Copy each entry below unchanged; the images do not go in the copy.

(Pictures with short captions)
──────────

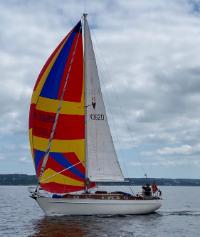 Ligaya Vind&ouml; 45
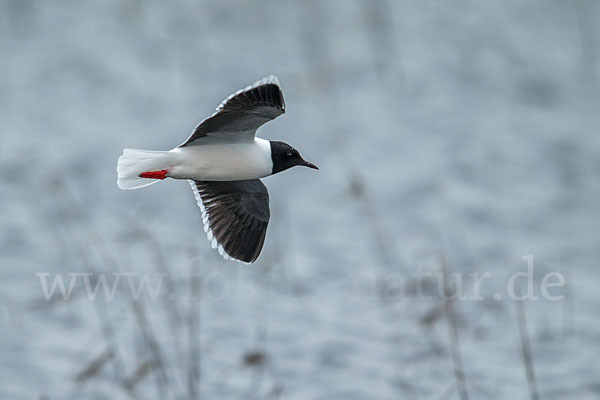 Zwergmöwe (Larus minutus)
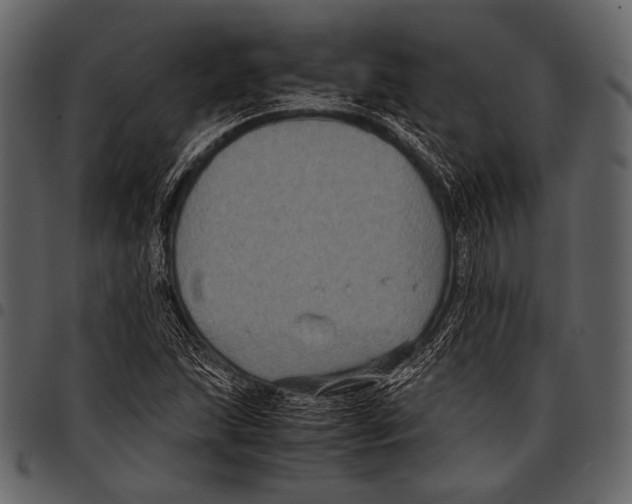 X0000097501215200803201545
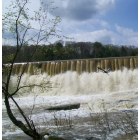 Youngstown: Heron flying by the Falls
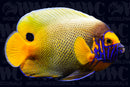 Blue Face Angelfish - Philippines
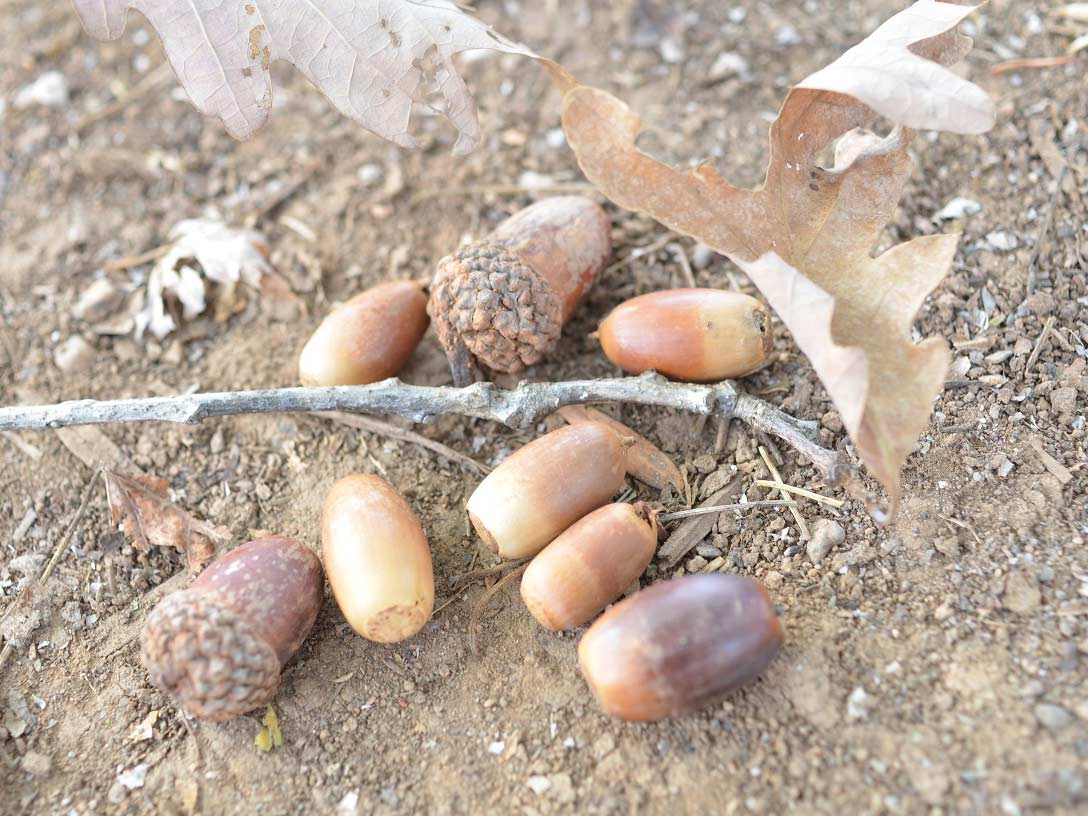 acorns laying on the ground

──────────

(Problem solution)
 Ligaya Vind&ouml; 45
 Zwergmöwe (Larus minutus)
 X0000097501215200803201545
 Youngstown: Heron flying by the Falls
 Blue Face Angelfish - Philippines
 acorns laying on the ground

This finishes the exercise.